Baru-baru ini, perusahaan ini melakukan masuk besar-besaran ke sektor pertambangan litium, dengan akuisisi raksasa litium Arcadium Lithium , yang merupakan hasil penggabungan pada 2023 dari produsen litium besar Allkem dan Livent, menjadikannya produsen litium terbesar ketiga di dunia.

Sumber: Arcadium

Penggabungan tersebut menciptakan perusahaan yang mencakup semua langkah produksi dan pemrosesan litium. Arcadium memiliki rencana ekspansi untuk menggandakan kapasitasnya pada akhir 2028.

Inovasi Arcadium

DLE

Mengenai akuisisi ini, apa yang telah digambarkan sebagai “hadiah nyata Rio Tinto” adalah teknologi ekstraksi litium langsung (DLE) Arcadium. Arcadium sebenarnya telah mengerjakan DLE sejak 1996, bersama dengan kolam penguapan, dan baru-baru ini membuat kemajuan signifikan dalam menjadikannya layak secara komersial sebagai metode ekstraksi mandiri.

Secara khusus, Livent mengakuisisi ILiAD Technologies pada 2023.

“Platform Teknologi ILiAD menggabungkan adsorben selektif litium superior dengan proses tempat tidur berlawanan arah yang kontinu”

“Livent adalah praktisi terdepan di dunia dan pengguna terbesar proses produksi berbasis DLE, dan kami sangat senang mereka telah mengakui keunggulan yang dibawa ILiAD ke masa depan DLE.

Tampaknya keahlian jangka panjang Arcadium dengan DLE, dan “rentang luas brine kaya litium di berbagai kondisi” dari ILiAD menjadi alasan utama keputusan Rio Tinto untuk mengakuisisi Arcadium, selain penilaian rendahnya karena sifat siklus pasar litium.

Lithium Foil

Arcadium juga mengembangkan LIOVIX, bentuk foil litium yang dapat dicetak yang dapat digunakan untuk meningkatkan kinerja baterai, mengurangi biaya produksi, dan mengurangi penggunaan litium.

Sumber: Arcadium

Profil Hijau Rio Tinto

Arcadium menempatkan Rio Tinto secara tegas dalam kelompok inovator industri pertambangan setelah inovasinya dalam ekstraksi tembaga melalui usaha Nuton. Teknologi baru Nuton memungkinkan tingkat pemulihan tembaga yang jauh lebih tinggi dari bijih yang ditambang.

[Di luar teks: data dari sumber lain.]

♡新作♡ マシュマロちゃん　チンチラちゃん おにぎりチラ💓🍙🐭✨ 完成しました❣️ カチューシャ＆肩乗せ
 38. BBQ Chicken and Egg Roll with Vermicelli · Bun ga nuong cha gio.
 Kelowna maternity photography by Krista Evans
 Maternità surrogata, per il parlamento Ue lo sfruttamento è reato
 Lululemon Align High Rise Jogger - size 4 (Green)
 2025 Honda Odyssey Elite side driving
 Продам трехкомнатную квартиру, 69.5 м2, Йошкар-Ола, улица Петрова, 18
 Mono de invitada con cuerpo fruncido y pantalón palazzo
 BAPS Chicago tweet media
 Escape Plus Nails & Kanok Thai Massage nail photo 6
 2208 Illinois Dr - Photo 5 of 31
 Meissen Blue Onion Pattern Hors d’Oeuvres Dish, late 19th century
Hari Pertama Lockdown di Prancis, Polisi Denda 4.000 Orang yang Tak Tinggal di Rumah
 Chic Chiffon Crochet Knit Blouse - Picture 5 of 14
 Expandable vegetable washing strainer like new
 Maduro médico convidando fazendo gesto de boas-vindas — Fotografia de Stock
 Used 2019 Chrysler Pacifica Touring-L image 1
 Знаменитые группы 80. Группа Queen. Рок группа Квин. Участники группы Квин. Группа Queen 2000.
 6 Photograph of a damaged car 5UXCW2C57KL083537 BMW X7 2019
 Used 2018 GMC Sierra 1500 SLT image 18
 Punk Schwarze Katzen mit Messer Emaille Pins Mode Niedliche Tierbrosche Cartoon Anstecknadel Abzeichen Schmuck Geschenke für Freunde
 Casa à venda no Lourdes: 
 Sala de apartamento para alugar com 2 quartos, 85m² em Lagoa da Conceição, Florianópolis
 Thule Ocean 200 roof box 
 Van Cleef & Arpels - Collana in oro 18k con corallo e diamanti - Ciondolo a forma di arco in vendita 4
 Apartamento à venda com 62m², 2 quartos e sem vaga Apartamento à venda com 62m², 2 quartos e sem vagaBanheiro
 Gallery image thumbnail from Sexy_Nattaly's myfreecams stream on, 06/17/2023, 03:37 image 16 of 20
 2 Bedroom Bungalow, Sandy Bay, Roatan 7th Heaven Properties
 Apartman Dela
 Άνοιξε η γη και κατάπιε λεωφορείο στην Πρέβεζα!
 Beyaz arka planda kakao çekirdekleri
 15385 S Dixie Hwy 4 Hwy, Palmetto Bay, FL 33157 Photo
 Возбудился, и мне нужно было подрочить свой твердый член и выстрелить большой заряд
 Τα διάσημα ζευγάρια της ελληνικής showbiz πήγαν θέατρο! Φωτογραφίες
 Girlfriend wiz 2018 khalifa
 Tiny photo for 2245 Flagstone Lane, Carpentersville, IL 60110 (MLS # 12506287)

Produksi aluminium Rio Tinto rendah karbon, berkat penggunaan tenaga air untuk memurnikan bauksit menjadi alumina dan kemudian aluminium.

Rio Tinto juga berinvestasi dalam proyek litium lainnya, baru-baru ini mengakuisisi proyek Ricon di Argentina dan proyek litium kontroversial Jadar di Serbia (potensial menjadi proyek litium terbesar di Eropa).

Karena akuisisi dan proyek baru-baru ini, Rio Tinto semakin harus dilihat sebagai penambang besi pada intinya, dengan profil yang semakin hijau dan pertumbuhan kuat dalam semua logam yang dibutuhkan oleh transisi energi, terutama tembaga, aluminium rendah karbon, dan litium.

Referensi Studi:

1. Knierim, K. J., et al. (2024). Evaluation of the lithium resource in the Smackover Formation brines of southern Arkansas using machine learning. Science Advances, 10, Artikel adp8149. https://doi.org/10.1126/sciadv.adp8149

Jonathan adalah mantan peneliti biokimia yang bekerja dalam analisis genetik dan uji klinis. Ia kini menjadi analis saham dan penulis keuangan dengan fokus pada inovasi, siklus pasar, dan geopolitik dalam publikasinya 'The Eurasian Century'.